Teeth are hard on the exterior because of a hard coating of dental enamel. But within runs a chamber that is filled with dental pulp which comprises nerves, tissue and blood vessels. Sometimes decay begins to set in to the pulp starting a chain of infection.
The reasons for decay are several, but the commonest is a cavity in the tooth, or perhaps some damage to the tooth. This is accompanied with swelling, inflammation and pain in the area surrounding the tooth.
At this stage a dentist has to decide whether the pain is caused because of a gum abscess or infection, or whether the cause is a nerve abscess. In the former case the treatment may not entail a root canal procedure. But if it is the latter, then the dentist has to make an overall assessment about the extent of decay and decide on the best course of treatment.
Sometimes, a root canal procedure is indicated even when there are no obvious symptoms. Two of the most common symptoms that suggest that a root canal is necessary are:
- Chronic tooth pain.
- Tenderness or swelling in the gum adjacent to the infected tooth.

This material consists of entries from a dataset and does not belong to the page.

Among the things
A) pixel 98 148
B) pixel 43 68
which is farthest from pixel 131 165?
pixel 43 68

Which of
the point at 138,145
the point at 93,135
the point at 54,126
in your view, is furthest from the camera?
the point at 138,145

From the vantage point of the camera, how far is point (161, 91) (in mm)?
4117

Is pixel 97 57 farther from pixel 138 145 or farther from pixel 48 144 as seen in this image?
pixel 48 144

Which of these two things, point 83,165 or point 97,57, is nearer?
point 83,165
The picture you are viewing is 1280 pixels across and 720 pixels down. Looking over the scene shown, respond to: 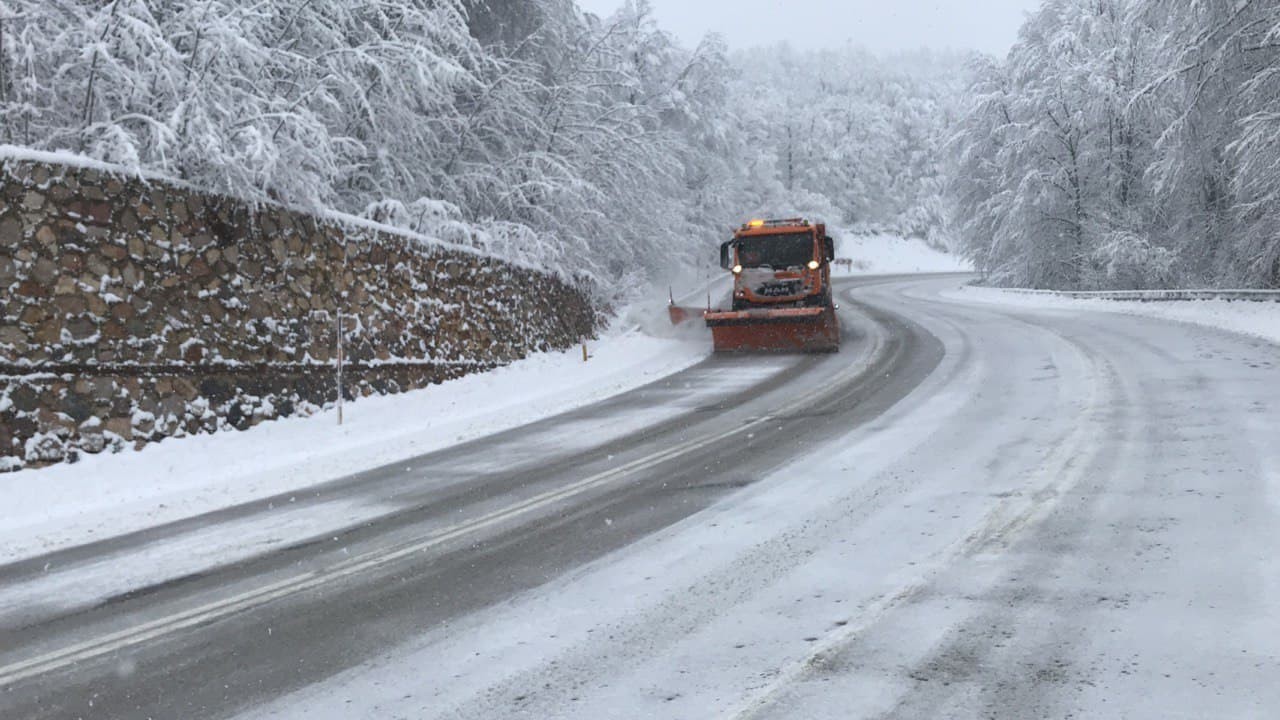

Other conditions that indicate necessity for a root canal are as follows:
- A problem with the tooth that was identified only by an x-ray. Nerve tissue within the tooth could decay and become necrotic without pain or any other symptoms. This situation arises when the body’s natural defense mechanism is able to limit the extent of decay while not totally being able to overcome it.
- A chronic pimple on the gum. This is the result of a tooth with a dead nerve. The pimple is a drain, called a fistulous tract, which appears off and on, and discharges pus.
- An exposed nerve that leads to degeneration of nerve tissue. This condition could lead to a painful abscess and further complications of the tooth.
- Teeth trauma caused due to an accident. The nerve tissue could have been damaged indicating the need of root canal treatment.